Water Chilling for Hydroponics Growing Environments
Water chilling for hydroponics growing environments is useful in capturing and exchanging unwanted heat generated by growing appliances or resulting from the surrounding environment.
Using water to cool reservoirs, lighting, the air and gas fired CO2 generators can lower electrical costs ,and believe it or not, also save money on water.
Say what–save water with water cooling?
That’s right, by using a closed loop water chilling system, unwanted heat is captured and scrubbed away into the external environment more efficiently versus air cooling methods. A healthier growing environment running at optimal temperatures will conserve crop waterings.
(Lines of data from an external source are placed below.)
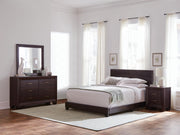 Dorian Bedroom Set - Furniture City (CA)l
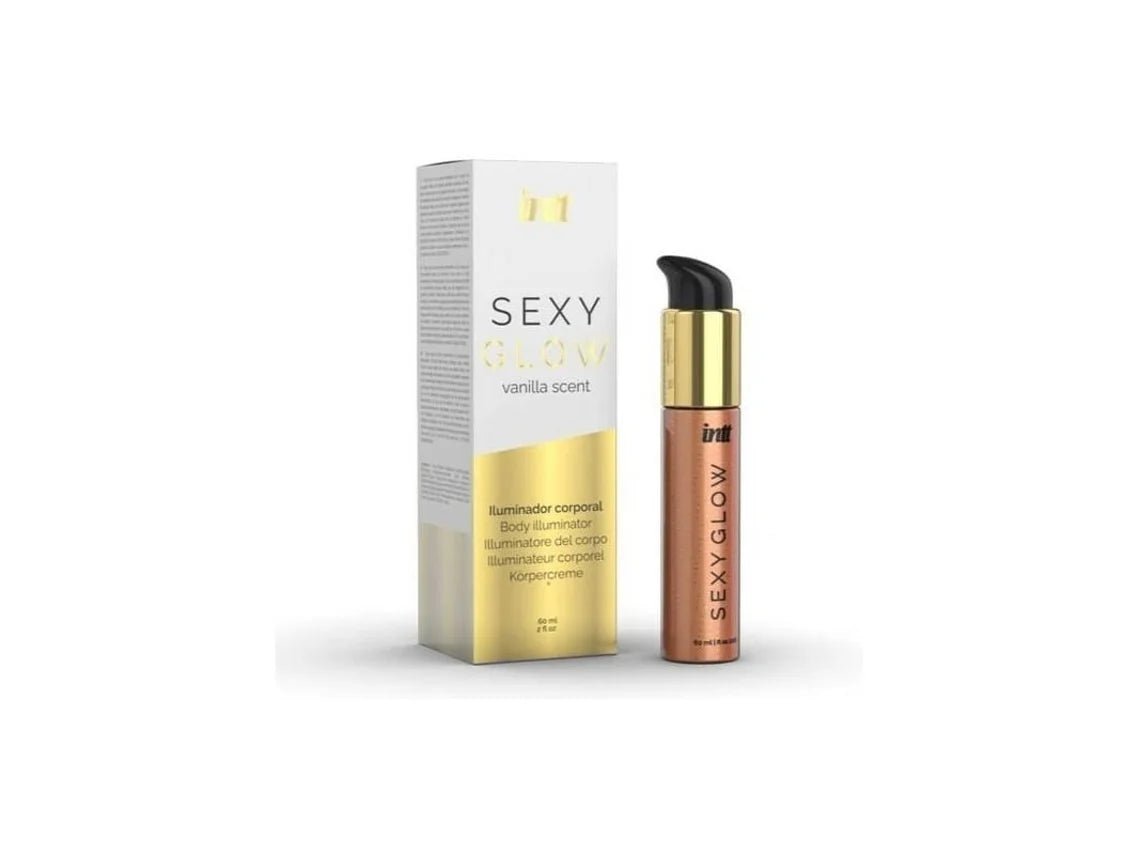 Sexy Glow – Iluminador Corporal | Intt 60ml - My Infuse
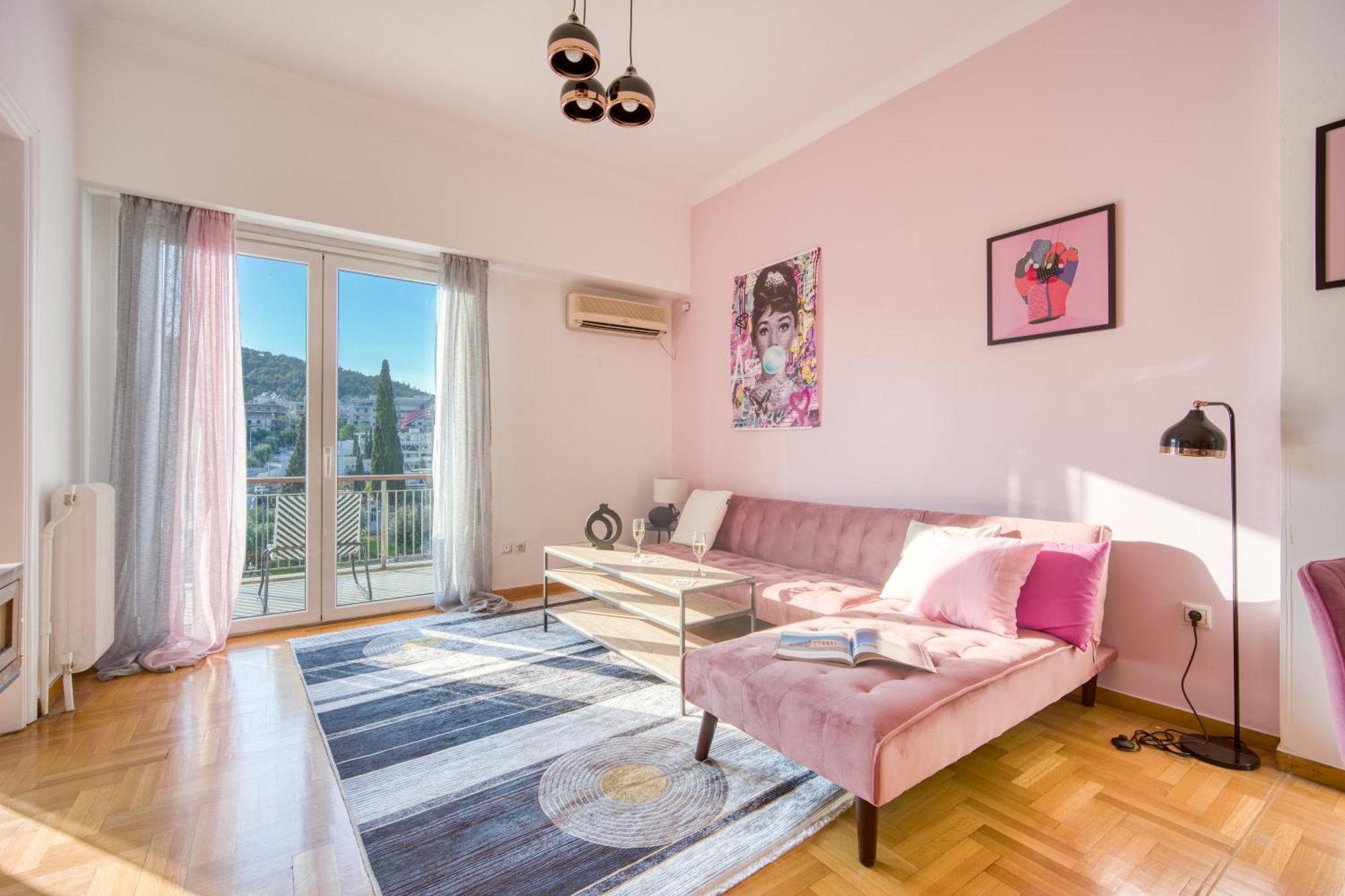 Royal Embassy Apartment Афіни Екстер'єр фото
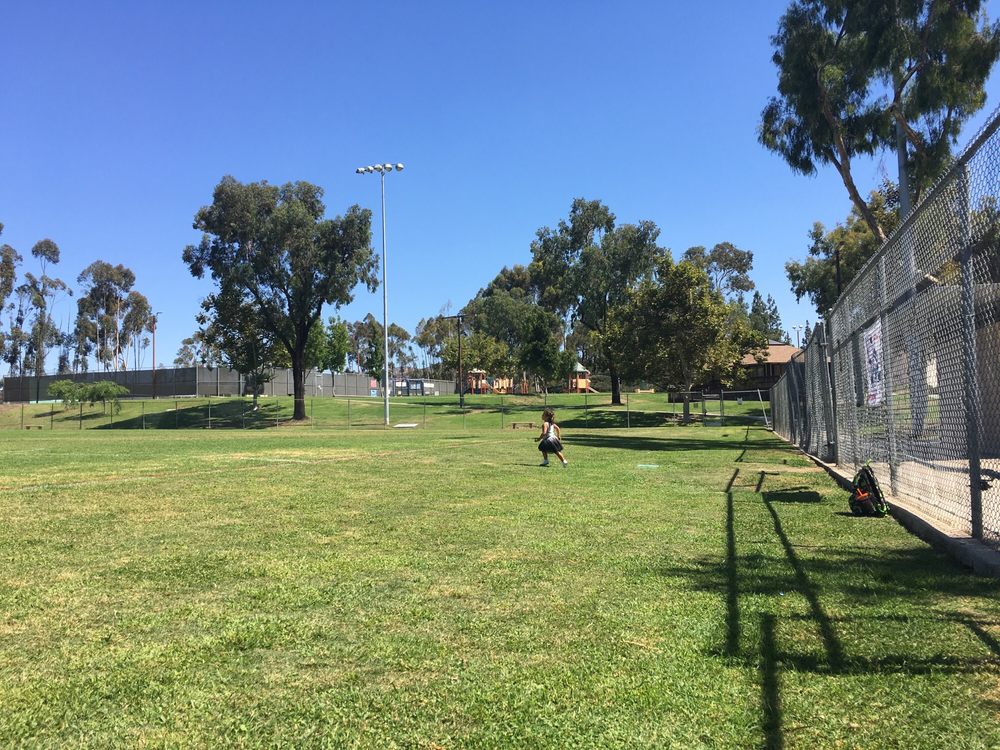Tierrasanta Community Park and Recreation Center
Since it’s a closed loop, you don’t lose water, so it’s actually very good for water conservation-something to consider in many regions this coming summer 2014.
Water Cooled Gas-Fired CO2 Generators
When a traditional gas-fired CO2 generator becomes activated, it burns natural gas or propane in a very clean and controlled manner to produce water vapour, heat and of course carbon dioxide to stimulate more productive growth. While your plants can handle warmer climates with more CO2 better than with lower levels, the unwanted heat can be outrageous during warmer months with HID lamps operating.
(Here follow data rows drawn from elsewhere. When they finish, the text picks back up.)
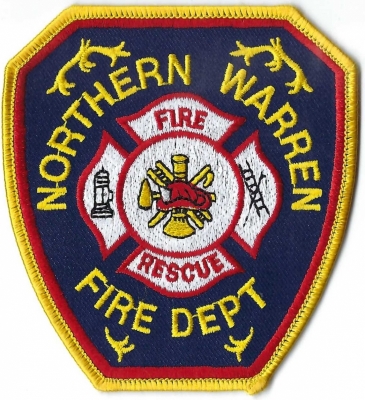 Northern Warren Fire Department (IA)
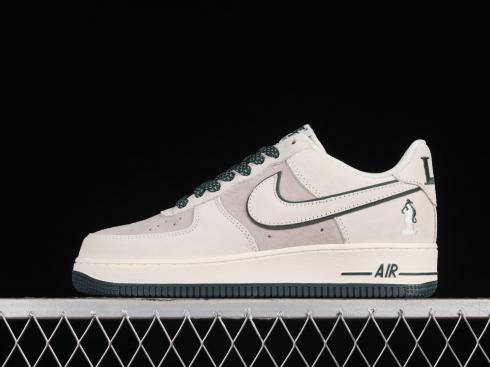 Nike Air Force 1 07 Low Four Horsemen PE Light Green DZ3696-002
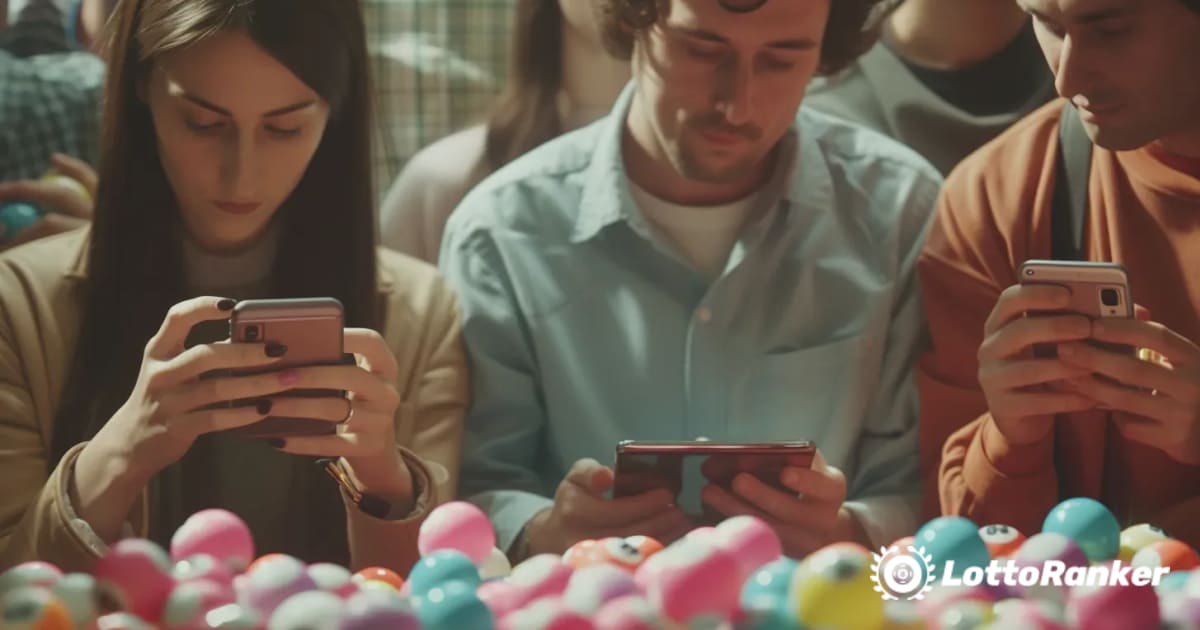 The Growing Online Lottery Market: Convenience, Mobile Apps, and Market Insights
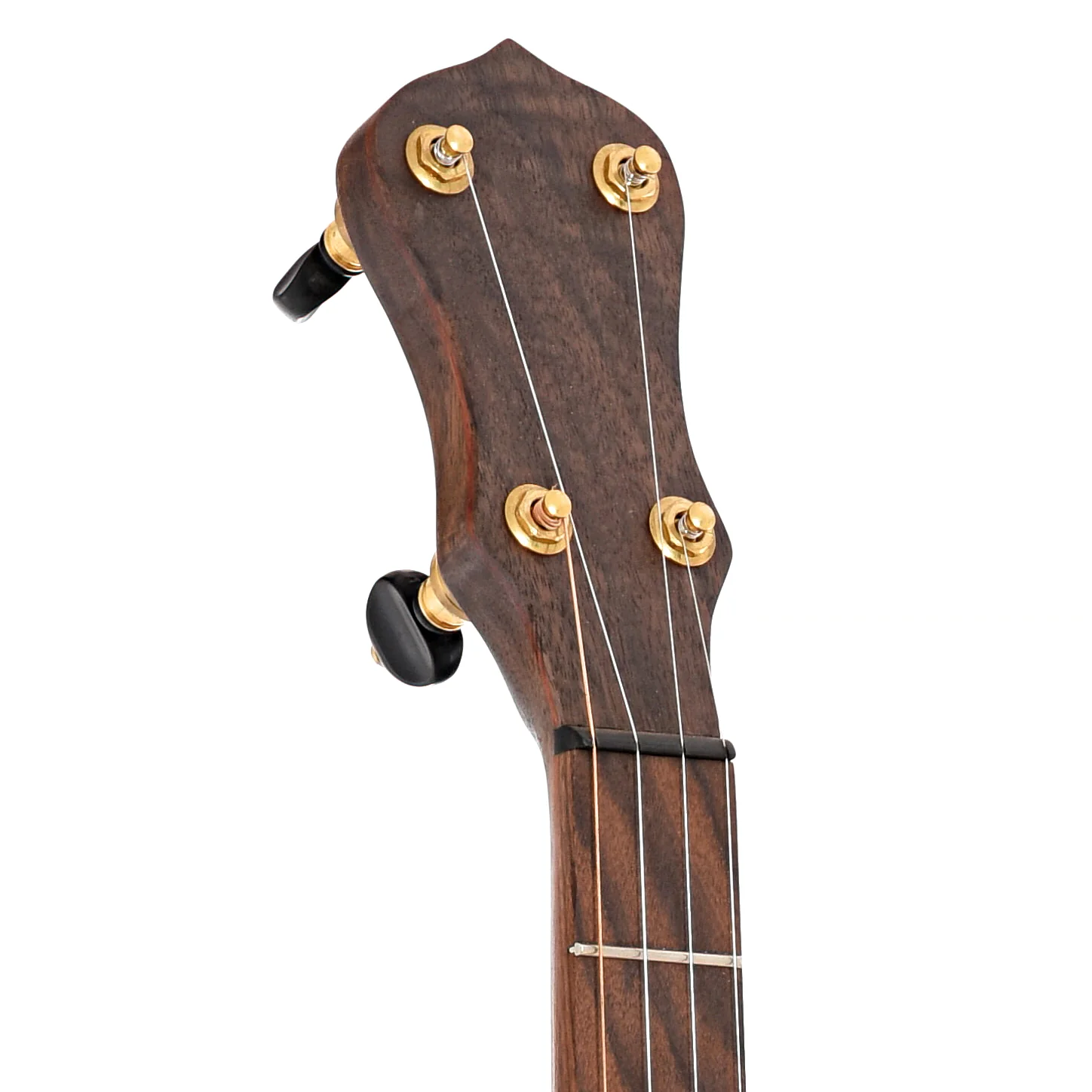 Dogwood Banjo Co. 12in Openback Banjo & Gigbag, No. 202 - Image 7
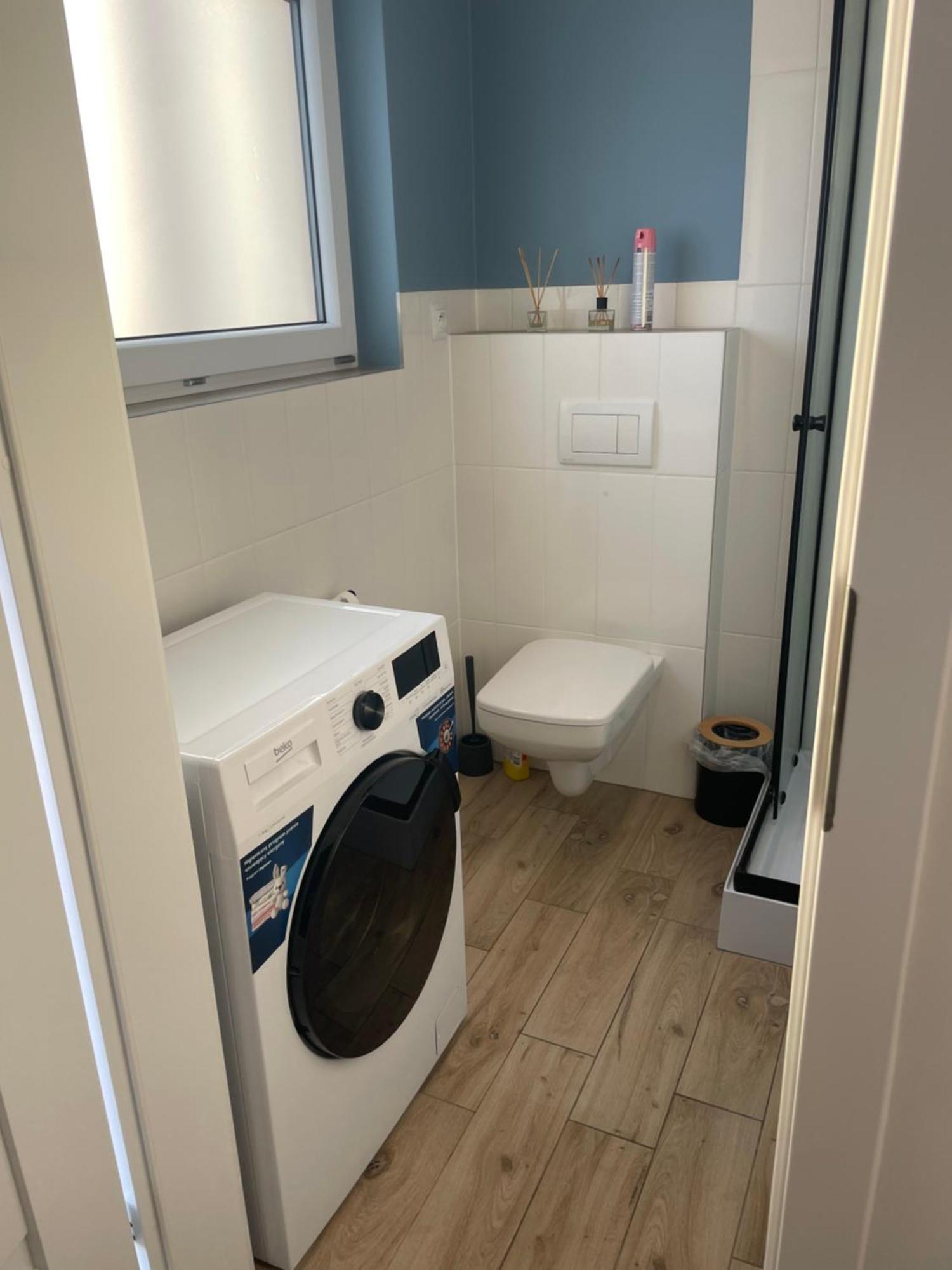 Lesny Zakatek Apartment Jaroslawiec Luaran gambar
Water-cooled models operate in similar principle to point-of-use hot water heaters, commonly seen in the WC overseas. With these types of CO2 generators, it can take a little more to install, but once that’s done, they will operate with 90% less heat over common generators, typically have higher outputs and more safety advantages too.
Hydroponics Reservoir Chillers and Heat Exchanger Coils
Savvy hydroponics growers know that their plants will do great in slightly warmer temperatures when the root system is kept highly oxygenated and slightly chilled via the nutrient solution surrounding the root system, for example at 65 Deg F, with air temperatures being upwards of 85 Deg F with some CO2 enrichment in the growing environment. Like soaking your feet in a cool tub on a hot day.
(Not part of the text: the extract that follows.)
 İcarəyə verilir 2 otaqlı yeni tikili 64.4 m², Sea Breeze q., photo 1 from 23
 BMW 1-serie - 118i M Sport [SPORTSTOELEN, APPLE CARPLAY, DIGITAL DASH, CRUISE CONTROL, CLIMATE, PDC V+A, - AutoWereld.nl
If using a single reservoir, an active water chiller (above) , like the kind they use for aquarium applications, is perfect-just hook it up with a small circulation pump to your reservoir, set the temperature and there it will remain.
With multiple reservoirs, you follow the same principle, except get a bigger active water chiller and build a manifold that has solenoid gates, controlled via thermostat or grow room automation to open flow as needed.
The cool flow of chilled water will run through cooling coils (above) , typically fabricated of stainless steel or titanium, that are placed in the reservoirs. The cool flowing water absorbs heat from the reservoir, returning back to the main chilled reservoir. The cool chilled water and the nutrient solutions in the various reservoirs never mix-the heat is removed via the closed loop cooling coils running off the main chilled header.
Water Cooled Lighting
There is water cooled lighting for HID (above) applications-it has been made available in the form of several different generations of innovation from different companies. It has always been met with mixed reviews, and is in fact a viable technology for certain applications and management methods.
Air to Water Heat Exchangers (Cooling Grow Room Air)
Propeller fan forced air to water heat exchangers (above) have been widely used for grow room and CEA greenhouse applications for some time now. Essentially, something like a series of radiator coils (with much more surface area than those in an automobile radiator) carries a flow of cold water through, when a solenoid valve opens the flow by a rise in temperature. The propeller fans push the warm from the growing area through the coils, which capture a lot of the heat and excess humidity from the air.
If a large volume of water is held in a tank buried several feet below the ground, geothermal cooling, along with a small amount of powered chilling from an active water chiller can scrub away enough heat and bring the water to very cold temperatures once the lights are off. Once the lights are running an the air heats up, the volume of water, the temperature it was chilled to and the efficiency of the system relative to the deman will determine how effective the installation will be, among other considerations.